When it comes to cybersecurity, organizations often focus on the big picture. But security threats can also be found on more granular levels of a company’s infrastructure, such as its DNS servers. Any organization that relies on the internet to do business needs to have DNS security in place. One way to address DNS security issues is to educate your staff about best practices for keeping their DNS information safe.
The DNS, or domain name system, is a key part of the internet infrastructure, and DNS servers are often the target of attacks. A DNS security strategy helps to protect DNS servers from attack and to ensure that they are able to continue to function even if an attack is successful. There are a number of different DNS security strategies that organizations can use, and the best strategy for any given organization will depend on a number of factors. However, all DNS security strategies should include some basic elements, such as DNS server hardening, DNS authentication, and DNS filtering.
In this post, I’ll walk through the top steps you can take to identify and mitigate risks related to your organization’s DNS environment.
Step 1: Start by looking at your DNS traffic
The first step to understanding your DNS traffic is to know what it is. DNS (Domain Name System) traffic is the communication between your device and the internet, beginning with a request for a website and ending with an answer about where on the internet that site can be found. This process involves looking up a domain name, sending that request through your network infrastructure, receiving an answer from the DNS server responsible for resolving requests for that domain name, and finally sending data to whatever destination service is needed.

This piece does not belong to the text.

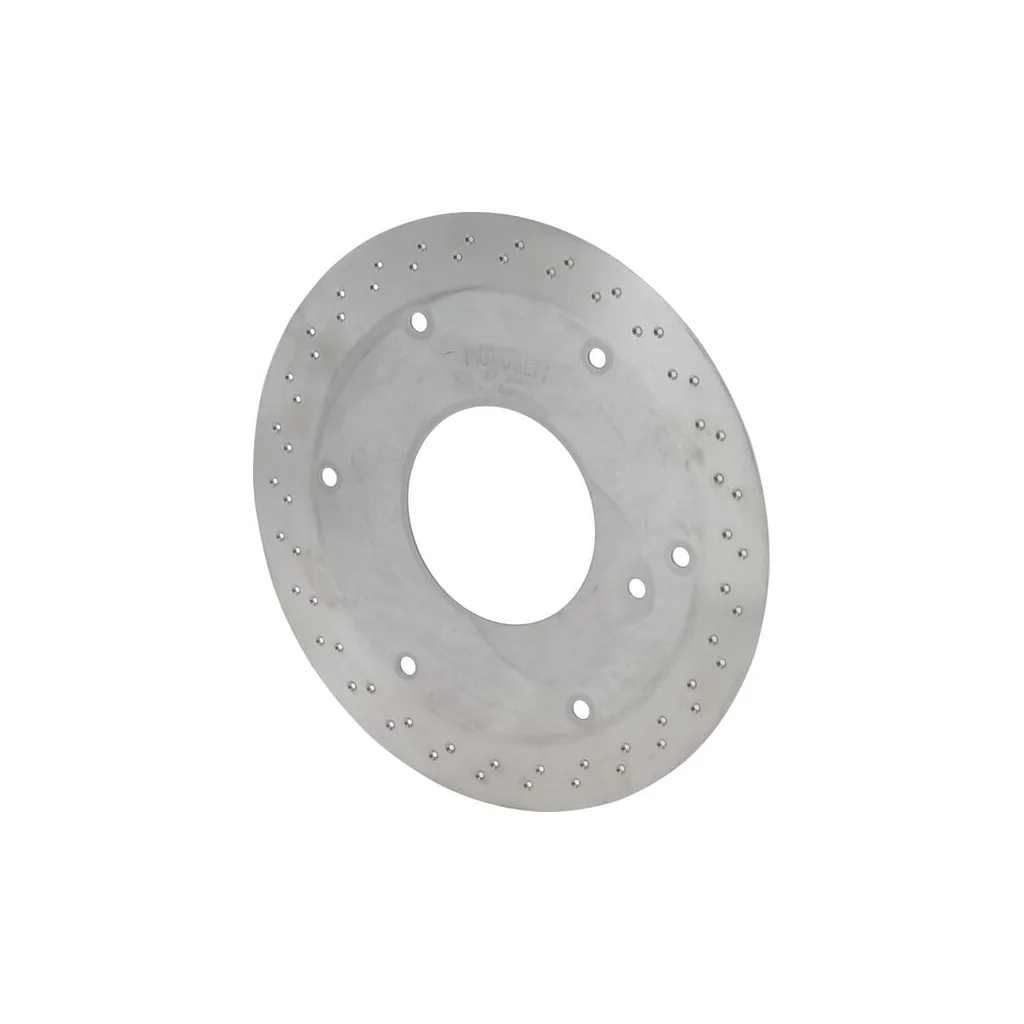 Disc semănătoare 2M 3020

Step 2: Next, verify the DNS servers that are being used for lookups
The next step is to verify the DNS servers that are being used for lookups. You should do this to ensure that they’re secure and not being used for malicious purposes. (ativan) It’s also a good idea to check whether or not they’re being misused by sending spam, malware, and other malicious content. If a hacker has control over one of your organization’s primary DNS servers, then all devices in your organization will get infected by any unsecured content on these servers.

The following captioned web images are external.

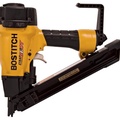 Bostitch MCN150 Pneumatic Coil Roofing Nailer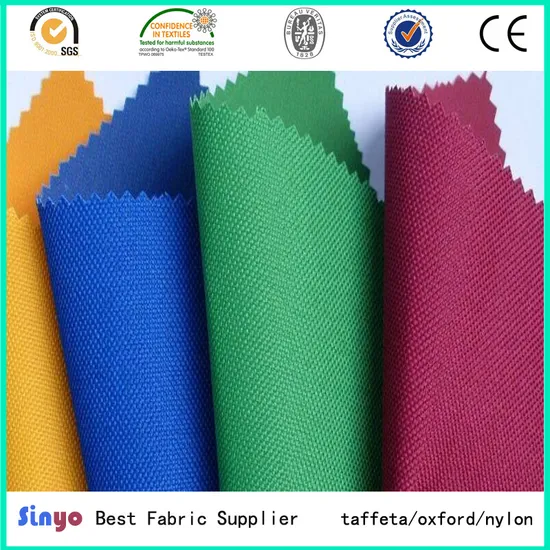 100% Polyester Anti UV Textile 600*300d PVC Fabric Wholesale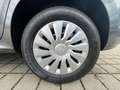 Skoda Kamiq Essence 1.0 TSI ''Smart Link''Winterpaket''LED''PD Grau - thumbnail 14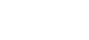 Form + Function client Dataiku logo in white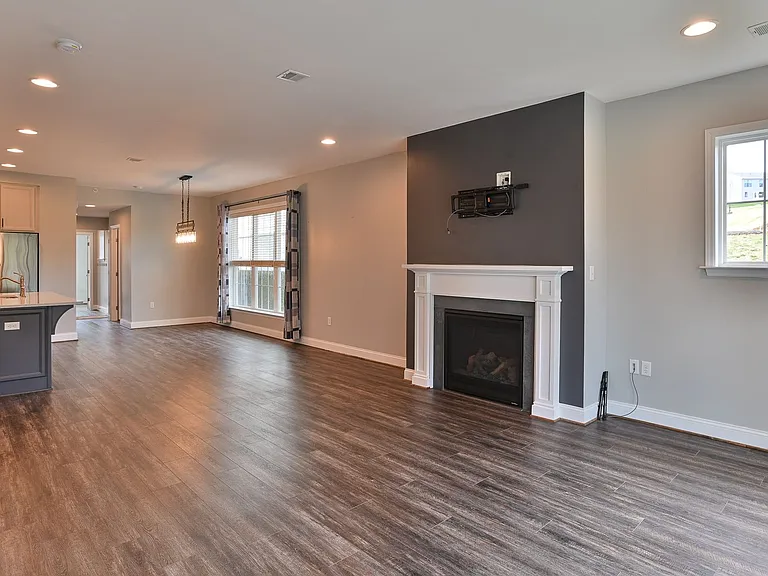 3118 Grove Ct — Photo 20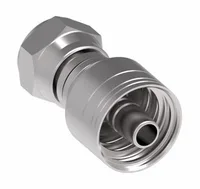 Danfoss Aeroquip LLC 1A6BF6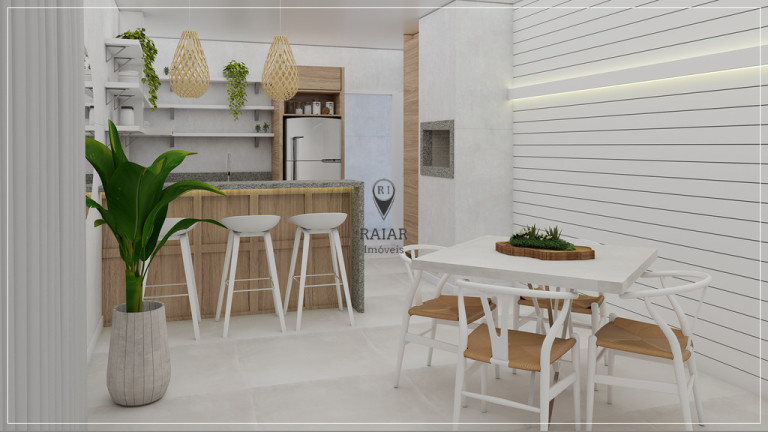 Imagem Apartamento com 2 Quartos à Venda,  em Centro - Balneário Camboriú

Step 3: Look for anomalous behavior
Now that you’ve identified whether there are security issues with your DNS infrastructure, it’s time to find out if there are any anomalies within that infrastructure.

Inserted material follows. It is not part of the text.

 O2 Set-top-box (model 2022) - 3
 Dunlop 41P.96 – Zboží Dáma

There are several ways to do this:
- Look for unexpected DNS traffic. You can use tools like Topology from Sysdig to get a visual representation of your network and identify anomalous behavior. For example, if a user is running an unusual amount of DNS queries from their device, this could be an indication of malicious activity.
- Look for traffic that doesn’t match the normal pattern or user profile (for example, if there is high latency or lots of packet loss). This can help identify malware on user devices and other suspicious activity as well as nonstandard usage patterns due to internal attacks against servers in your organization’s network perimeter defenses (NDPs).
Step 4: Monitor your network and keep iterating
As a final step, you need to monitor your network to keep it secure. Monitoring is important because it allows you to identify and prevent problems with your DNS, as well as quickly identify and mitigate threats. If you proactively monitor your DNS security, it can help ensure that the data in your organization remains safe at all times.
People often think of monitoring as something they do once or twice per year when they perform routine audits on their network—but this isn’t sufficient for keeping things secure over time. In fact, monitoring should be ongoing so that IT professionals can stay up-to-date with real-time information about changes that occur within their networks and systems. An effective monitoring strategy will also allow them to keep an eye out for anything unusual that may occur in order to take action before any damage occurs (or even better: prevent those events from happening).
In the end, it’s important to remember that your organization is only as secure as its weakest link. So, if you want to ensure that your network is safe from DNS attacks and other threats, it’s crucial to take a closer look at the system itself. You should start by looking at how much traffic goes through it each day and what kind of activity you see on those networks. Then look for anything anomalous or out-of-the-ordinary—those are signs that something fishy might be going on! Lastly, don’t forget about monitoring systems; ensure they’re set up correctly so they can catch intruders before getting into trouble!